_ASSIGNMENT_
What you return must match the listing below line for line, minus its pictures.

_DATA_
= Beginning of Section =
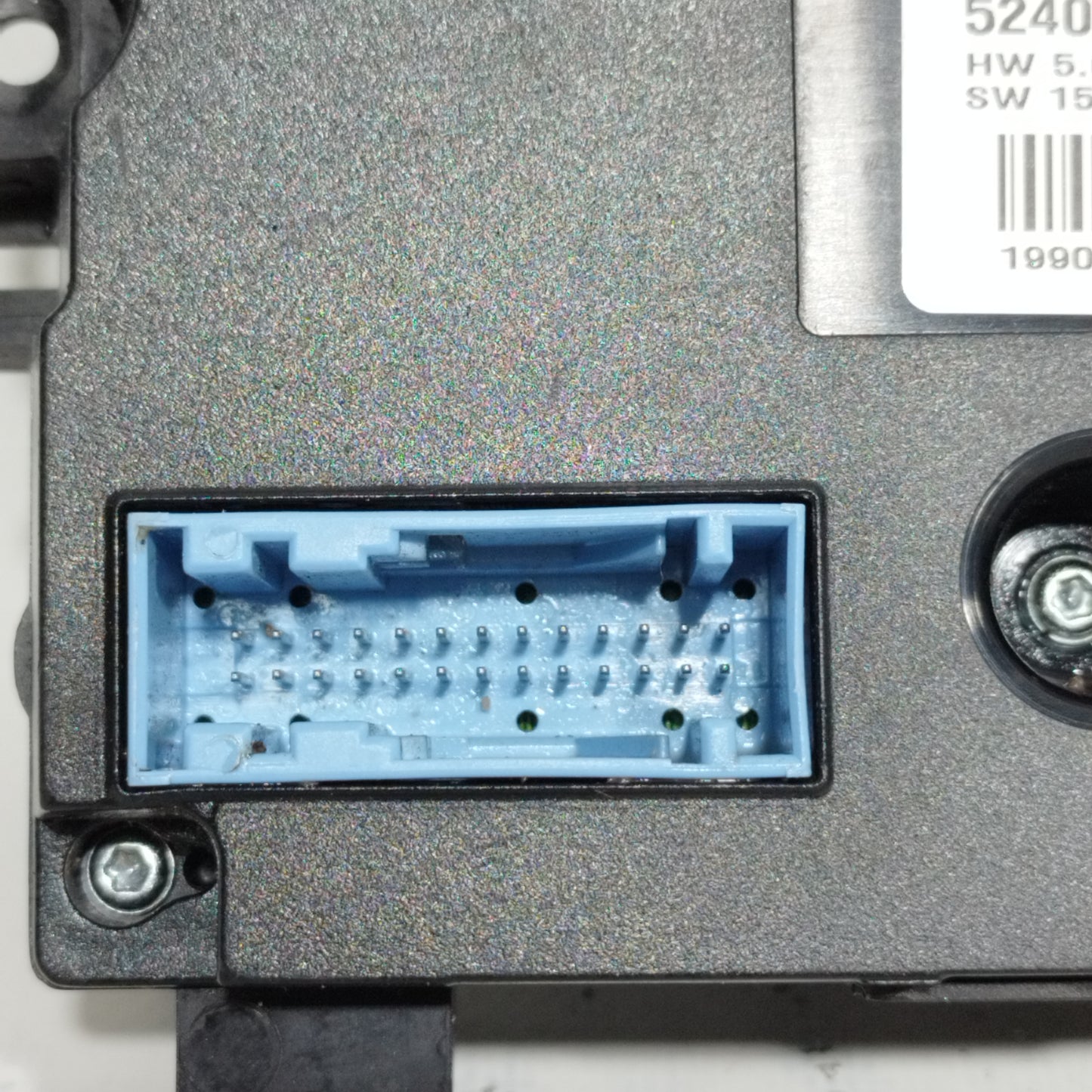 Pulsantiera A/C Alfa Romeo 159 2005 Cod: 1560547840 ecoAC8683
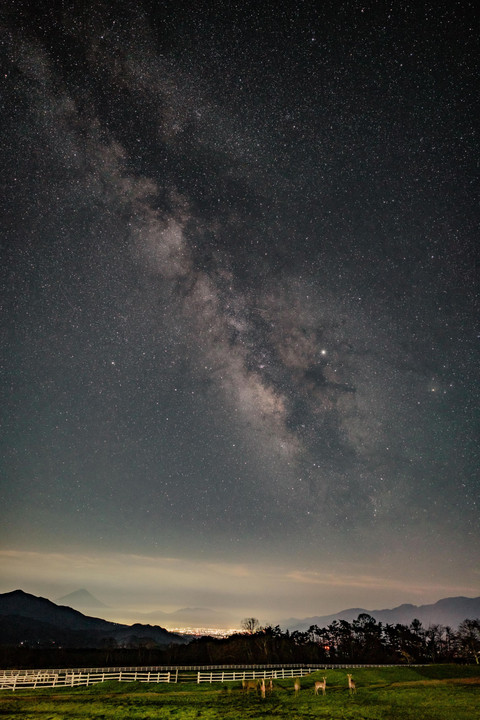 高原の夜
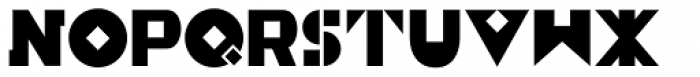 P22 Constructivist Regular Font LOWERCASE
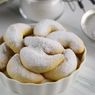 Resep Putri Salju Pandan, Kue Lebaran dengan Bahan Ekonomis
= End of Section =
_SOLUTION TO THIS TASK_
 Pulsantiera A/C Alfa Romeo 159 2005 Cod: 1560547840 ecoAC8683
 高原の夜
 P22 Constructivist Regular Font LOWERCASE
 Resep Putri Salju Pandan, Kue Lebaran dengan Bahan Ekonomis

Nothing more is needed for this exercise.